Spiegamento imponente di polizia, strade chiuse alla circolazione e barriere di sicurezza, domenica 16 ottobre, così si presentava l’ingresso del parco al centro città di Quito. Il quartiere di Marsical non era mia stato sottoposto ad un simile livello di sicurezza, ma l’evento che ospita è eccezionale per lui stesso.
Dal 17 al 20 ottobre, tutti gli attori delle questioni urbane (eletti locali, rappresentanti della società civile, universitari, professionisti dell’urbanismo, vari privati… più di 23.000 persone complessivamente) partecipano, nella direzione della Casa della Cultura equadoregna, situata nel cuore del parco, alla terza conferenza delle Nazioni Unite sull’alloggio e lo sviluppo urbano durevole, più comunemente chiamato Habitat III.
Ebbene gli esperti del Programma dell’Onu per gli insediamenti umani certificano che nel 2030 tredici delle 15 megalopoli con più di 20 milioni di abitanti si troveranno in Paesi in via di sviluppo. Secondo le stime dell’organizzazione il 56% della popolazione mondiale, nel 2015, vive in un ambito urbano.
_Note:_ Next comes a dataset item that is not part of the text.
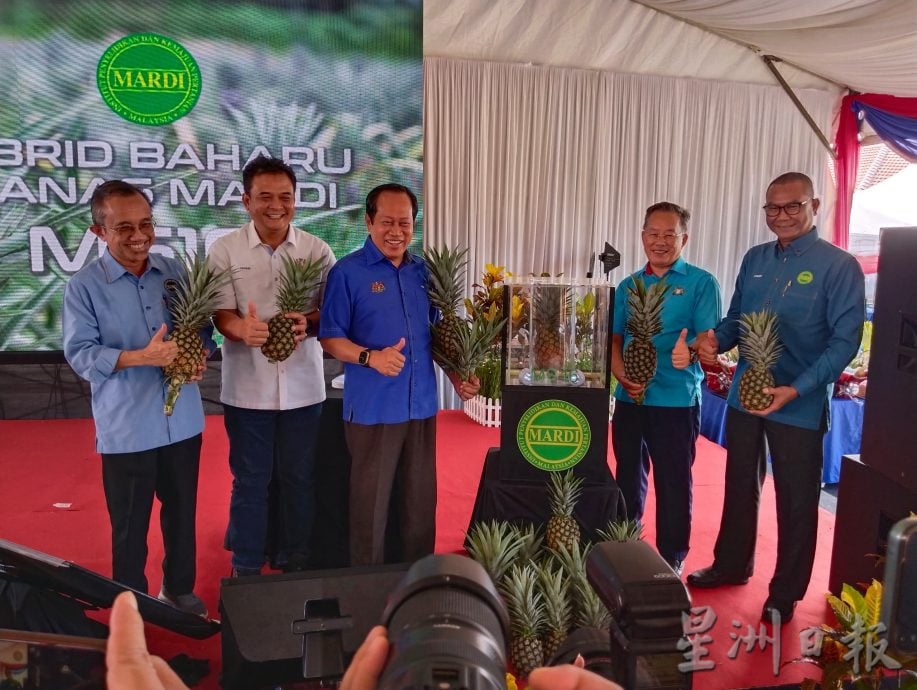 柔:MARDI经10年研发新品种 “MS16”黄梨 香甜不割舌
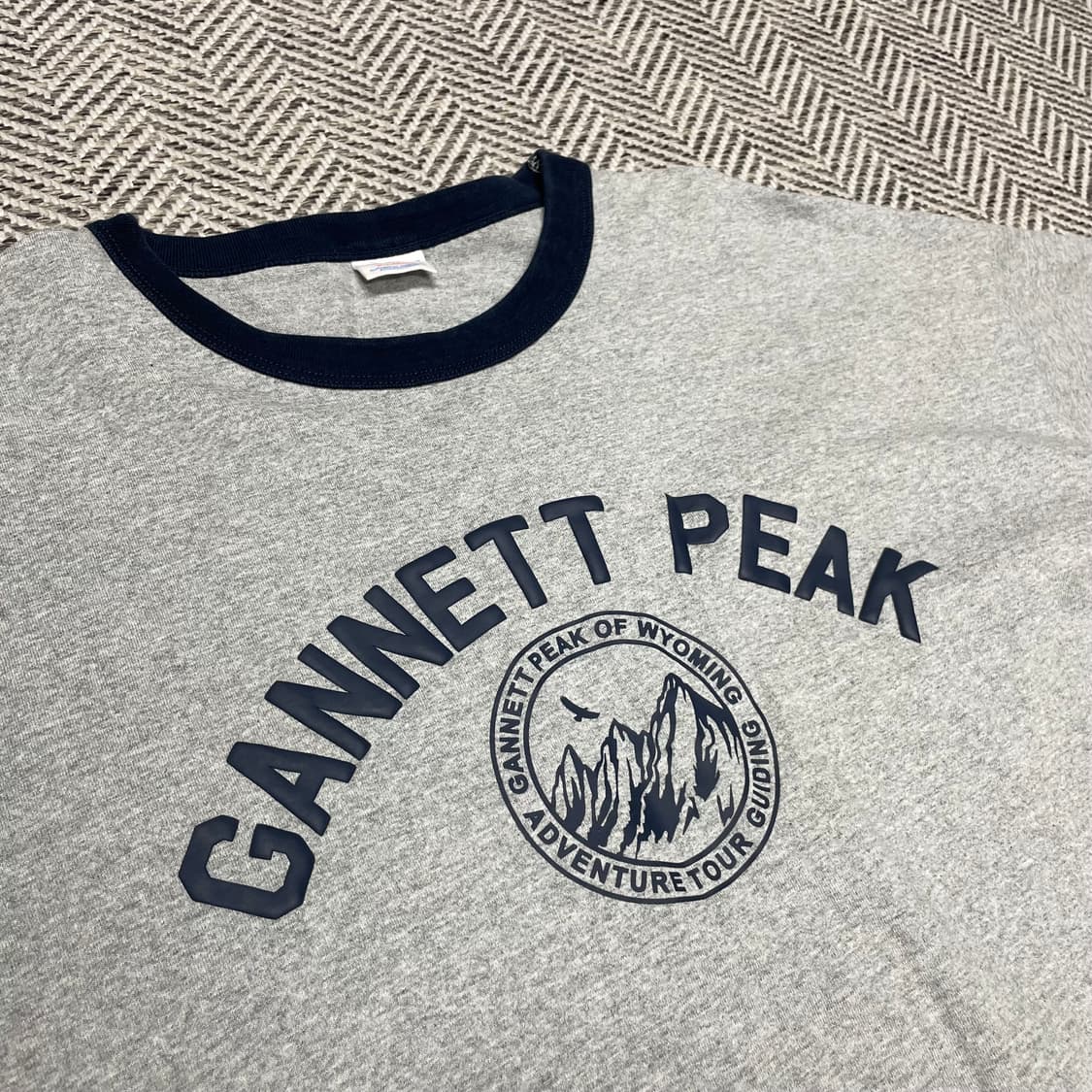 챔피온 티셔츠 상품이미지3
Questa cifra’ dovrebbe attestarsi al 60% nel 2030 e al 70% verso il 2050, mentre all’inizio del secolo era solo il 10%.
Secondo i dati, presentati in apertura dell’incontro nella capitale equadoregna, nel mondo ogni settimana la popolazione delle città aumenta di oltre un milione. Fino a giovedì al centro della conferenza ci saranno la ricerca di soluzioni sostenibili per i trasporti, il trattamento delle acque reflue, la gestione dei rifiuti e altri problemi cruciali in un mondo sempre più urbanizzato.
Avviato nel 1975 con la creazione di una Fondazione delle Nazioni Unite per l’habitat e gli insediamenti umani, il principio dell’ONU di un incontro sull’urbanizzazione ha preso corpo l’anno dopo a Vancouver (Canada) in occasione di Habitat I, ed è già stata fatta la constatazione di una urbanizzazione anarchica e di disparità crescenti tra città e campagne, affìdando agli Stati il compito di correggerne le derive.
Venti anni dopo, a Istanbul, mentre l’urbanizzazione continuava il suo sviluppo, emerge la problematica del diritto all’alloggio e quello dell’accesso ai servizi pubblici. Di fronte all’incapacità dello Stato pianificatore, Habitat II fece appello all’azione decentralizzata delle autorità locali per razionalizzare l’espansione urbana.
Oggi è dunque la capitale andina che si propone di esplorare “la città, l’invenzione più complessa dell’umanità”, secondo Gustavo Baroja, prefetto di Pichincha, la provincia di Quito, uno degli oratori dell’assemblea mondiale dei Sindaci convocata il 16 ottobre come preludio di Habitat III.
Ma Habitat III non ha come esclusiva finalità di offrire un forum di dibattito ed un quadro di analisi sulla crescita delle città. “Questa terza conferenza deve anche strutturare la comunità urbana intorno ad un’agenda”, fa notare Laure Criqui, ricercatrice all’Istituto dello sviluppo durevole e di relazioni internazionali (Iddri). I 193 Paesi rappresentati a Quito si lasceranno il 20 ottobre dopo aver steso una dichiarazione, frutto di due anni di negoziati preparatori, destinati a fissare le grandi linee di questa nuova agenda urbana.
Anche se non vincolante, questa “dichiarazione di Quito” (un testo di 166 articoli e 21 pagine, formalizzato dopo due anni di riunioni regionali e tematiche) resta un esercizio difficile così come le questioni relative all’urbanizzazione evolvono velocemente -spinta migratoria, lotta contro la povertà, marginalizzazione di alcuni quartieri, densità dei trasporti, la pressione dei terreni, impatto sul riscaldamento climatico, rivendicazioni cittadine. Molto più velocemente rispetto al rito degli incontri dell’ONU.